- [Collected data]:
::::::::

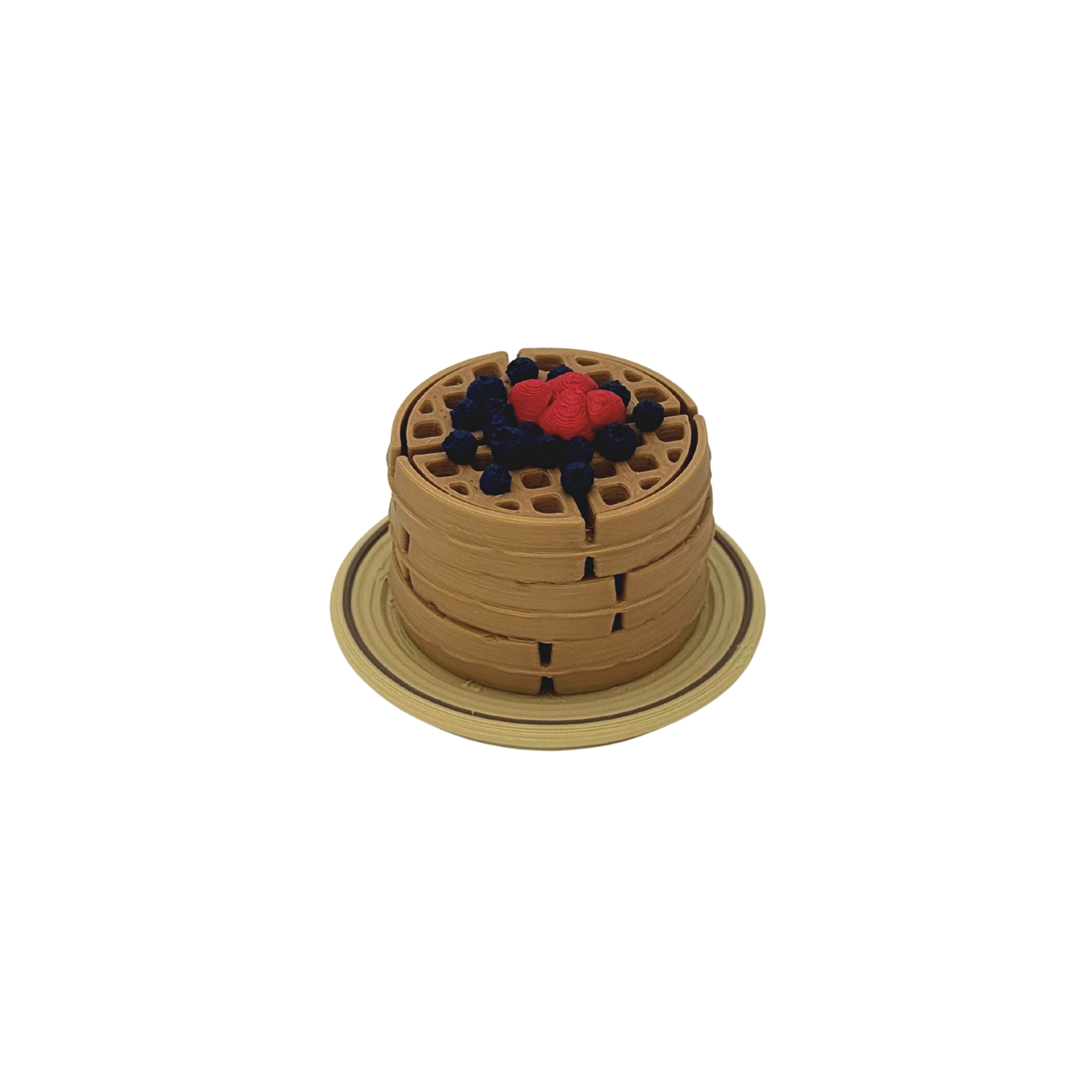 3D Clicker Waffle Keychain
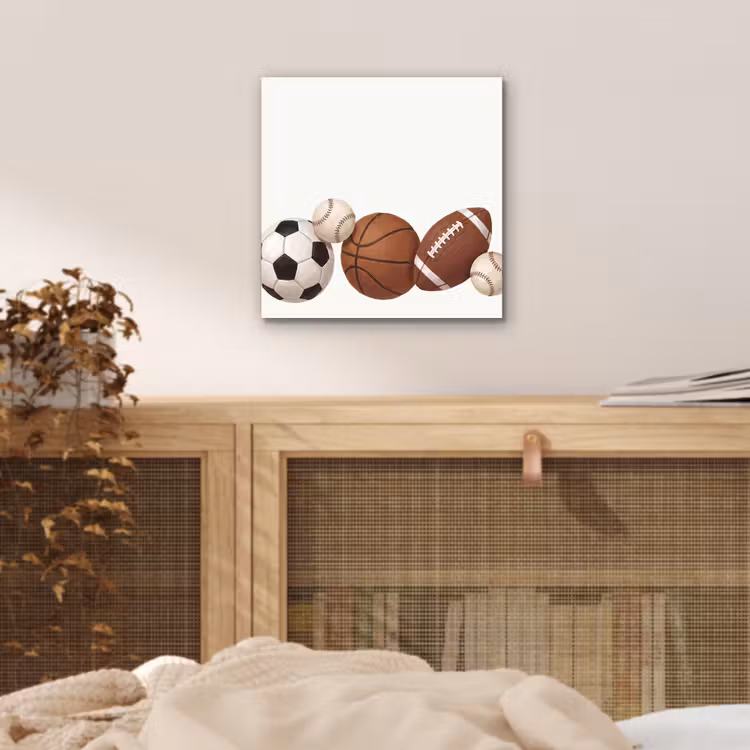 Aluminium schilderij - Sport - Ballen - Illustratie — 4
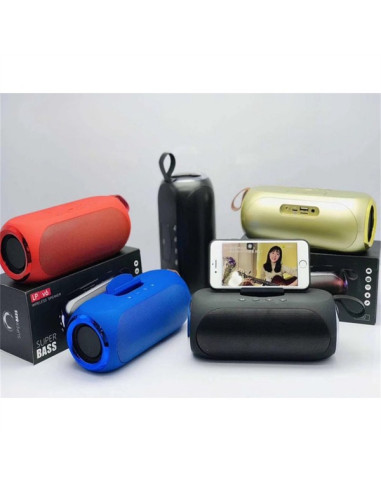 Altavoz TWS universal Bluetooth estéreo LP V6 2 x 8 W azul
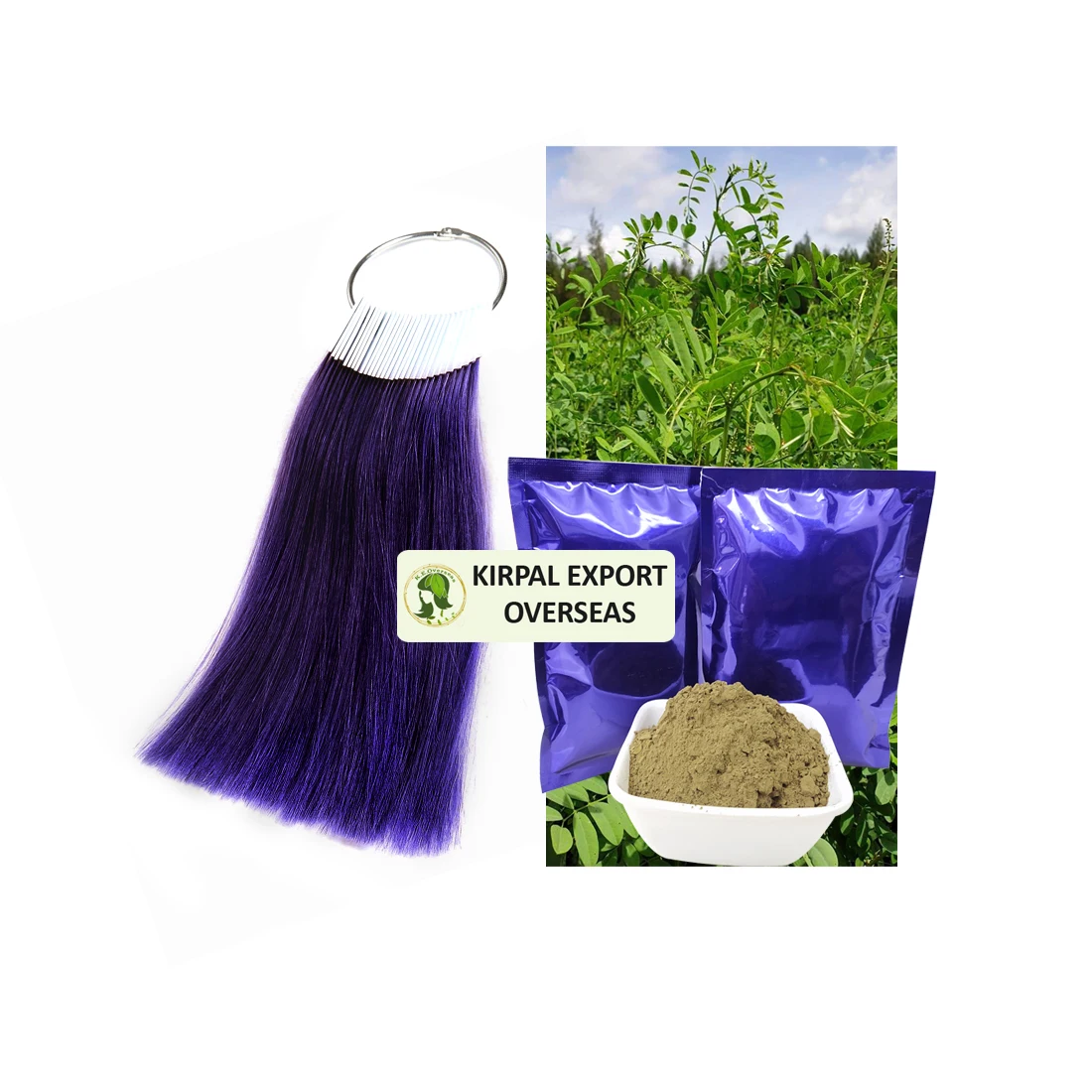 100% Natural Organic Indigo Powder Finest Quality Hair Dye for Deep Blue Semi-Permanent Hair Coloring Long Lasting Green Color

::::::::

- [What is needed]:
Without the pictures, write out the whole listing above exactly as it appears.

- [Exercise result]:
 3D Clicker Waffle Keychain
 Aluminium schilderij - Sport - Ballen - Illustratie — 4
 Altavoz TWS universal Bluetooth estéreo LP V6 2 x 8 W azul
 100% Natural Organic Indigo Powder Finest Quality Hair Dye for Deep Blue Semi-Permanent Hair Coloring Long Lasting Green Color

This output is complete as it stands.